Акмеда, Змея, короля фирболгов, также преследовали кошмары, и это его раздражало. Ночные ужасы были личным проклятием Рапсодии; обычно его они не затрагивали. Акмеду в прошлой жизни, в старом мире, довелось наяву пережить такое количество ужасов, что он с радостью с ним расстался.
Массивные каменные стены Котелка, средоточия его могущества в горах, обычно обеспечивали его крепким и спокойным сном, лишенным сновидений, — здесь отсутствовала вибрация воздуха, к которой он был особенно чувствителен. Дракианская физиология, тяжкий дар, полученный от расы его матери, стал одновременно благословением и проклятием. Дар давал возможность получать информацию из внешнего мира, недоступную для глаз и разумов остальных людей, но платить за нее приходилось очень высокую цену. Он навсегда лишился покоя, вынужденный постоянно терпеть атаки мириадов невидимых призраков, иначе называемых Жизнью.
Поэтому Акмеда обрадовала возможность разместиться в крепости, высеченной внутри скалы, горном царстве тьмы, носящем имя Илорк. Воздух между отполированными базальтовыми стенами его королевских апартаментов был неподвижен, сюда не проникали шум и волнения внешнего мира. В результате его ночи обычно проходили спокойно и Акмед мог спать в тишине.
Но только не сегодня.
С проклятиями разгневанный Акмед вскочил со своей постели и с трудом заставил себя не броситься в спальню Рапсодии, чтобы разбудить ее и выяснить, что с ней случилось и почему она не обращает внимания на опасности, которые будут ей угрожать во время путешествия. Впрочем, он прекрасно понимал, что подобные действия ни к чему не приведут, к тому же он знал ответ на этот вопрос.
Рапсодия вообще ни на что не обращала внимания. Для женщины, наделенной таким острым и проницательным умом, она обладала удивительной способностью отбрасывать самые очевидные факты, если не хотела в них верить.

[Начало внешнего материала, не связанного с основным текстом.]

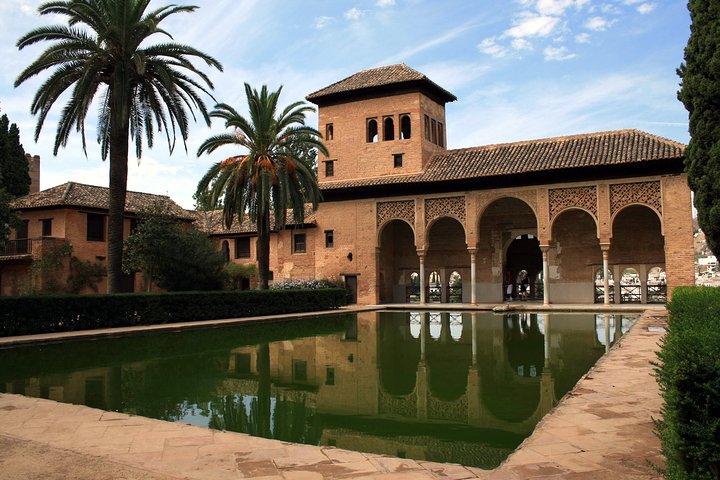 Private Shore Excursion to The Alhambra and Granada from Motril Cruise Port - Image 5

Сначала он решил, что это следствие пережитых ими катаклизмов, метаморфозы, произошедшей после того, как они, спасаясь из Серендаира, миновали огненную стену, пылающую в центре Земли. Огонь преобразил Рапсодию; ее естественная красота обрела поразительное совершенство. Акмеда завораживало не только потенциальное могущество, которым теперь обладала Рапсодия, но и ее полнейшая неспособность заметить какие-либо изменения в своей внешности. Даже люди, смотревшие на нее разинув рты всякий раз, когда она опускала капюшон, не могли убедить Рапсодию в совершенстве ее красоты; более того, она ощущала себя уродцем.